Before bringing your new cat home, you should prepare your current cat and your home so everyone is ready for the new arrival. A sudden or unplanned introduction will likely cause both cats to become defensive and hostile towards one another. This is not a good start to a new relationship and it is difficult to recover from this. Here are some top tips to ensuring the introduction goes smoothly:

  • Start by preparing a safe space for the newcomer which is separate from the current cat. This could be a spare bedroom, the conservatory, or the laundry room. This will provide the new cat a quiet area to settle into before they meet the resident cat. If cats do not feel safe, they will be in a constant state of anxiety and any introduction will be ruined.
  • Introduce the cats to each other’s scents before they meet. Before you bring your new cat home, you should introduce their scent to your resident cat and vice versa. This can be done very easily using a cotton pad or something each cat has come into contacts with, such as a blanket or a cuddly toy.
  • Allow each cat to find these items naturally and gradually move them around the house so that your current cat gets used to the new cat’s scent. Ask the owner of your new cat to do the same in the days before you bring them home.
  • On the day you bring your new cat home, do not allow either cat to see the other, but do allow them to sniff one another through a solid barrier such as a door or a doorway divider. Each cat can sniff the other through the gap under the door and they should be familiar with the other cat’s scent if the previous step was done successfully.
  • For the first few days, you should place food and water bowls away from the divider. You can then slowly move the bowls closer to the door until both cats are comfortably eating together on either side of the partition.
  • When your cats appear settled with one another, you can then introduce them by sight. Fit transparent door divider or baby gate so the cats can see each other but they cannot touch. If the gaps between the bars of your baby gate are too wide, you can cover the gate with cling film or clear sheeting.
  • It is important that they cannot touch each other yet in case they are not friendly during this first meeting. The two cats should be left to greet one another without any interference. Do not push the cats together or try to encourage them close together. They should greet one another on their own terms to avoid any hostility.
  • After 2 or 3 days of visual greetings, your cats should now be comfortable with each other. Once you get to a point where both cats are actively seeking out the other and lying together on either side of the divider, you can introduce them to the same room. Again, it is vital that you do not force the introduction.
  • Open the divider and allow the cats to find each other themselves. keep the meeting short, even if it is a positive one. Don’t worry if they seem nervous at first or if one cat hides. This is normal while they get used to each other and establish themselves. growling and hissing are ok provided one or both cats back off. If neither do and they are physically aggressive, separate them immediately and repeat the meetings with the door divider for a while longer.
  • Successful meetings can be gradually extended until both cats are comfortable. Ensure both cats have separate places they can go when they want some privacy. If your current cat likes to snuggle on the sofa, only allow your new cat to join in if the resident cat is comfortable with this. Remember, your older cat is used to having you and the house to themselves. They are learning to share which can take time.

Encourage Playtime

Once your cats are accepting of one another’s company, you can help to strengthen their relationship through play. Cat toys such as balls with rattles or teaser wands are a great way to get your cats engaged.

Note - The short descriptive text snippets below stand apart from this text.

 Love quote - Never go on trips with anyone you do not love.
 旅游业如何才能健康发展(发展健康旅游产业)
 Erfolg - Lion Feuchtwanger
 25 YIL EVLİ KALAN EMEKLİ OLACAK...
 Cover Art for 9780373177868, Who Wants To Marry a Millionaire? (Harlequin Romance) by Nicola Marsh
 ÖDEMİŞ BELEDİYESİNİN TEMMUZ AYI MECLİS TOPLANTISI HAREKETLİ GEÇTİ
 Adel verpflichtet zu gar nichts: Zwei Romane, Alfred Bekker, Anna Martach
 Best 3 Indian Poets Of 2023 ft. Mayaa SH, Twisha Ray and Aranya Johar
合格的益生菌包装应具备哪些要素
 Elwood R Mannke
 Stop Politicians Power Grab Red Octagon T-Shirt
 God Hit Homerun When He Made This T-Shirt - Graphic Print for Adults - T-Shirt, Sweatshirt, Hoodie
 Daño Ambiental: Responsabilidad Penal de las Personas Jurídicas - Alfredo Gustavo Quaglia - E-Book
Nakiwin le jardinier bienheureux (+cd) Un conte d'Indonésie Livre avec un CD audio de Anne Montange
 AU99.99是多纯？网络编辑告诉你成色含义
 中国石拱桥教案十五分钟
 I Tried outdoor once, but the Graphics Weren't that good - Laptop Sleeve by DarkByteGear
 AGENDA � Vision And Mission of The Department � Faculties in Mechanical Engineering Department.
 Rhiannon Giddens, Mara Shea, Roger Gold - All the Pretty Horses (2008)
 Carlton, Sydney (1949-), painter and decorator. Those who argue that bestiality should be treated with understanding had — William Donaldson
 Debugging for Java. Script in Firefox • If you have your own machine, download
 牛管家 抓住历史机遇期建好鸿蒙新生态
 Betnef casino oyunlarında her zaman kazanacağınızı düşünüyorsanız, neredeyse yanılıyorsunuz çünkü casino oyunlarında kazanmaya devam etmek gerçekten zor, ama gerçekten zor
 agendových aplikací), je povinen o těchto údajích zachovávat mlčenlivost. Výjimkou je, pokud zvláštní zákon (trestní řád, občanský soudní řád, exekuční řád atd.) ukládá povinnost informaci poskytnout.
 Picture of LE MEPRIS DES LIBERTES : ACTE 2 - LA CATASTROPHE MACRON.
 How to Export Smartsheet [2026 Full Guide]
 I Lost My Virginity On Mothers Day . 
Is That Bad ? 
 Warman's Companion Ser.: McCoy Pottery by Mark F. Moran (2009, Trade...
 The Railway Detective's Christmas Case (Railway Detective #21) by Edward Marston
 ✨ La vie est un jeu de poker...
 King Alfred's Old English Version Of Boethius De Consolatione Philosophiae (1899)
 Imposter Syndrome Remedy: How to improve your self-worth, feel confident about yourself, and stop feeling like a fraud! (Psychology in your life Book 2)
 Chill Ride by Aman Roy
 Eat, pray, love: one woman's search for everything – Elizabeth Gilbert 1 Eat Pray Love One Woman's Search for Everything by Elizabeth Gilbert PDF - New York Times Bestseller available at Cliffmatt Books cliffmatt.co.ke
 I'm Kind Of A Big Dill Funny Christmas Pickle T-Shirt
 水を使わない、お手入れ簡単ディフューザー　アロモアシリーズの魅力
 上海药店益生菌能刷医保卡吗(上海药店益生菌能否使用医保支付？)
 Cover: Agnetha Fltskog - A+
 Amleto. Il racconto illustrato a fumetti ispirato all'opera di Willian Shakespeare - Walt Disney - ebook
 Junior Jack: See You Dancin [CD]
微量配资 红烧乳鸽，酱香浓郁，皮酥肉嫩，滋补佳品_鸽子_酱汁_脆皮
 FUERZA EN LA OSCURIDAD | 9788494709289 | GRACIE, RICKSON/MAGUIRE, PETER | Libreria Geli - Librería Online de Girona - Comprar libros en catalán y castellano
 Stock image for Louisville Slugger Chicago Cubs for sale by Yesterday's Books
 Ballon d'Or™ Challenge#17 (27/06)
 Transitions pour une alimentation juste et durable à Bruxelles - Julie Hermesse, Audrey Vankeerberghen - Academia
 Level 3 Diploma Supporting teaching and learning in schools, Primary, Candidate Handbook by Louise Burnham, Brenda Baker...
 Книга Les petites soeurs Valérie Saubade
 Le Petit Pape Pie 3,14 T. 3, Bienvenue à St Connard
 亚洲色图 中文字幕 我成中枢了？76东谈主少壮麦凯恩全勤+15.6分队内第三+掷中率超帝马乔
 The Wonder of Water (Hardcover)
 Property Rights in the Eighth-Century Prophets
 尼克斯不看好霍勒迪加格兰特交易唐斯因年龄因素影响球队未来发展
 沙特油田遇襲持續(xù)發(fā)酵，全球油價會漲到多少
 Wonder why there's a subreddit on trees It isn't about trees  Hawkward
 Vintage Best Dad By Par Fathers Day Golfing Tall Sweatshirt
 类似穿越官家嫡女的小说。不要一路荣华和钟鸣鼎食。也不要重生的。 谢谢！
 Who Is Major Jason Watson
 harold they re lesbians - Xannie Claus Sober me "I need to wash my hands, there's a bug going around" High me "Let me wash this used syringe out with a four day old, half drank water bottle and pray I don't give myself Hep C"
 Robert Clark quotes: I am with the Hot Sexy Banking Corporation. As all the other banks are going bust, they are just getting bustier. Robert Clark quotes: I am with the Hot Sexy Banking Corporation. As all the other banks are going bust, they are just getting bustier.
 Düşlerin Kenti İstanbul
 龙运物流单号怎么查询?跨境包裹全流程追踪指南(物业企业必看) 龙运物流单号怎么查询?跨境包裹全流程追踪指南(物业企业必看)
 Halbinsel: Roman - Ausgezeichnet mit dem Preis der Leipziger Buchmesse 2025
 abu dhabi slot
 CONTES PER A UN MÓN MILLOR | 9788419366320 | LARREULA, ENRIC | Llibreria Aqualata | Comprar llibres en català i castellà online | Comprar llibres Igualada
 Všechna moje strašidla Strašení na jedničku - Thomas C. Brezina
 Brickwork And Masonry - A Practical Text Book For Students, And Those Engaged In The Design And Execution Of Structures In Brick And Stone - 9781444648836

Your resident cat may be territorial of their toys, so try to have some new toys that are neutral to both cats. keep the play sessions short and end them on a positive note. This will help the cats to associate each other with fun and excitement.

If your cats are not particularly playful, you can try using interactive games like puzzle mats instead. You can also use an old cardboard box with holes cut out and place some treats inside. Your cats then have to use their paws to retrieve the treats.

Final tips

The key to any successful introduction is time and patience. An introduction should take at least 2 weeks before the cats meet without a barrier.

Watch both cats closely and look for signs of contentment. This includes lying close to one another, giving casual glances to the other cat, purring, and rubbing their bodies against the barrier.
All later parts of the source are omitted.